1. A number X is divisible by 3 (or 9) if the sum of its digits is divisible by 3 (or 9)

2. A number X modulo 3 (or 9) [remainder after division by 3 (or 9)] is equal to the sum of its digit modulo 3 (or 9)

Let's start from here

[v(L1,L1+w-1) x v(l1,r1) + v(L2, L2+w-1) ] % 9 = ki

using modulo math

[v(L1,L1+w-1) % 9 x v(l1,r1)%9 + v(L2, L2+w-1)%9 ] % 9 = ki

So we don't care about the actual value of v but only modulo 9 value

So we need to find a way to calculate v(start, end) % 9

v(start, end) % 9 will be the sum of digits from start to end modulo 9

We solved finding sum in range using prefix arrays.

We can store it like this

    string s;
    cin >> s;
    for(char& i: s)i-='0'; //string is char array, using it like int array 
    pref[0] = s[0] % 9;
    for(int i = 1; i < s.size(); i++)
        pref[i] = (pref[i-1] + s[i]) % 9;

We can query it like this

int getSumMod9(int l, int r){
    int ans = pref[r];
    if(l > 0)ans -= pref[l-1];
    ans = (ans + 9) % 9;
    return ans;
}

Now Notice that W is fixed, thus there will be limited values L1 and L2.

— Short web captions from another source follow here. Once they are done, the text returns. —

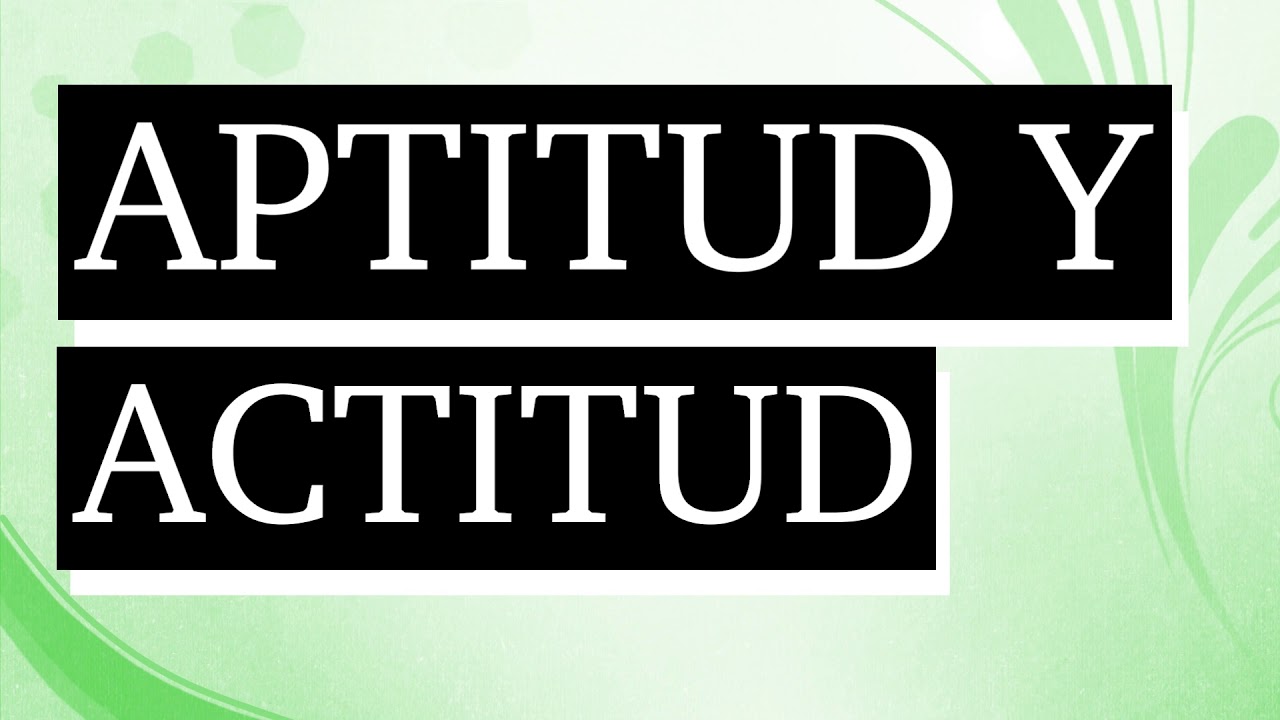 Significado de aptitud y actitud - Diferencia entre aptitud y actitud - Qué es aptitud y actitud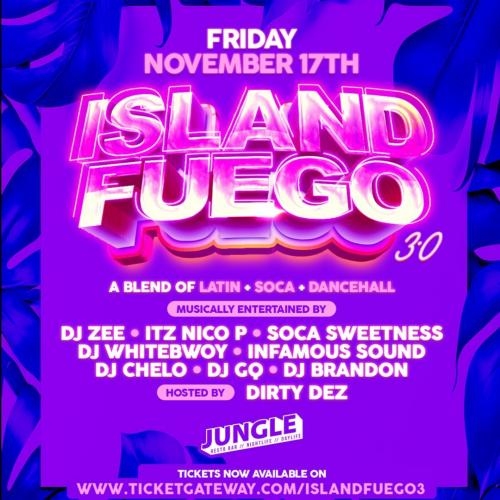 ISLAND FUEGO 3.0 | A Blend Of Latin + Soca + Dancehall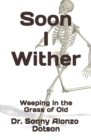 Soon I Wither : Weeping in the Grass of Old - Book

Let's solve this equation now

[v(L1,L1+w-1) % 9 x v(l1,r1)%9 + v(L2, L2+w-1)%9 ] % 9 = ki

v(L2, L2+w-1) % 9 = ki - [v(L1, L1-w-1) * v(li,ri)]

For each query, there are two unknowns v(L1, L1-w-1)%9 and v(L2, L2-w-1)%9

But if we assume the value of one (since values are modulo 9, they will be something between 0-8)

I tried for all values of v(L1, L1-w-1) since it was easier according to the equation.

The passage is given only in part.